EXERCISE BRIEF.
Starting at the first line of the listing below, repeat each line exactly until the line containing "A woman wearing", which you include. Leave out pictures.

>>>

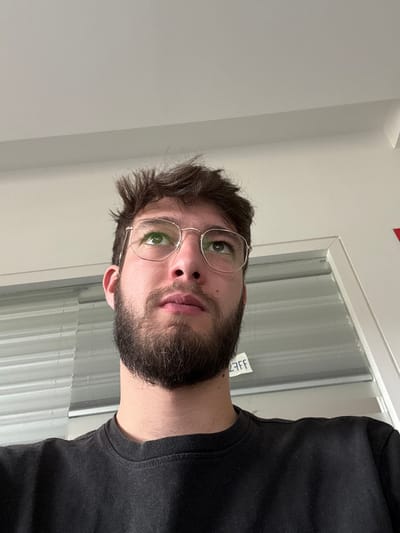 The image depicts a close-up, upward-angled shot of a young adult male located in Lièpvre, France. The subject has dark brown, disheveled hair and a full, dark brown beard. He is wearing gold-rimmed, hexagonal eyeglasses, and his eyes are directed upwards and slightly to the right of the frame, showing a faint green reflection in the lenses. He is wearing a dark-colored, possibly black, crew-neck t-shirt. The background consists of a light-colored, likely white or light grey, ceiling in the upper portion of the frame. Below this, a window or glass partition with horizontal blinds or slats is visible to the left and behind the subject. A small, white sticky note with the partially visible text "AFF" (likely part of "STAFF") in dark lettering is affixed to the glass. To the far right, a white door frame or partition edge is present, with a small portion of a red object, possibly a sign, visible in the upper right corner. The lighting is bright and even, illuminating the subject's face.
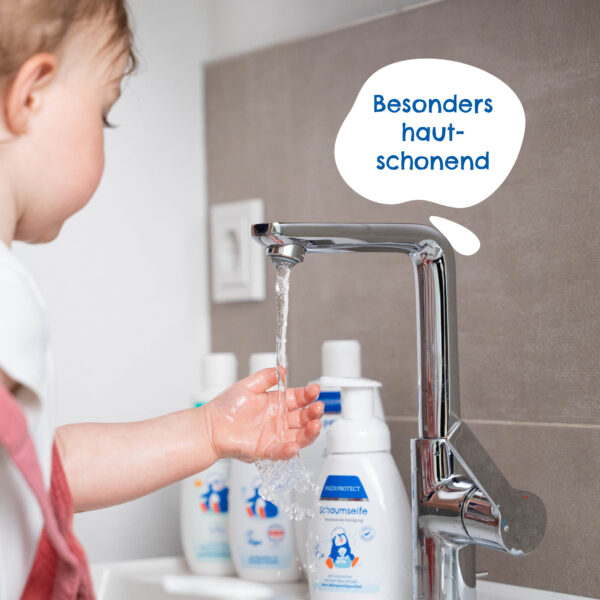 a white bottle with red label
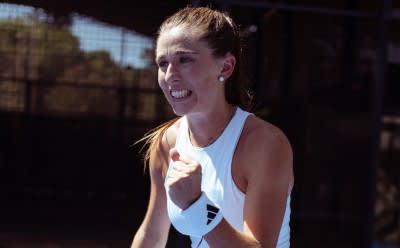 A woman wearing the new adidas padel gear and playing padel.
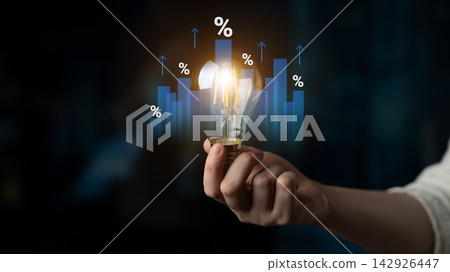 Business Growth Concept with Light Bulb and Graphical Elements Symbolizing Innovation, Ideas, and Market Trends in a Modern Financial Environment Cyphers. Business Growth Concept with Light Bulb and Graphical Elements Symbolizing Innovation, Ideas, and Market Trends in a Modern Financial Environment Cyphers. 142926447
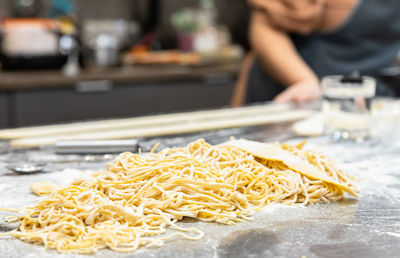 Midsection of man preparing food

<<<

OUTPUT OF THE TASK.
 The image depicts a close-up, upward-angled shot of a young adult male located in Lièpvre, France. The subject has dark brown, disheveled hair and a full, dark brown beard. He is wearing gold-rimmed, hexagonal eyeglasses, and his eyes are directed upwards and slightly to the right of the frame, showing a faint green reflection in the lenses. He is wearing a dark-colored, possibly black, crew-neck t-shirt. The background consists of a light-colored, likely white or light grey, ceiling in the upper portion of the frame. Below this, a window or glass partition with horizontal blinds or slats is visible to the left and behind the subject. A small, white sticky note with the partially visible text "AFF" (likely part of "STAFF") in dark lettering is affixed to the glass. To the far right, a white door frame or partition edge is present, with a small portion of a red object, possibly a sign, visible in the upper right corner. The lighting is bright and even, illuminating the subject's face.
 a white bottle with red label
 A woman wearing the new adidas padel gear and playing padel.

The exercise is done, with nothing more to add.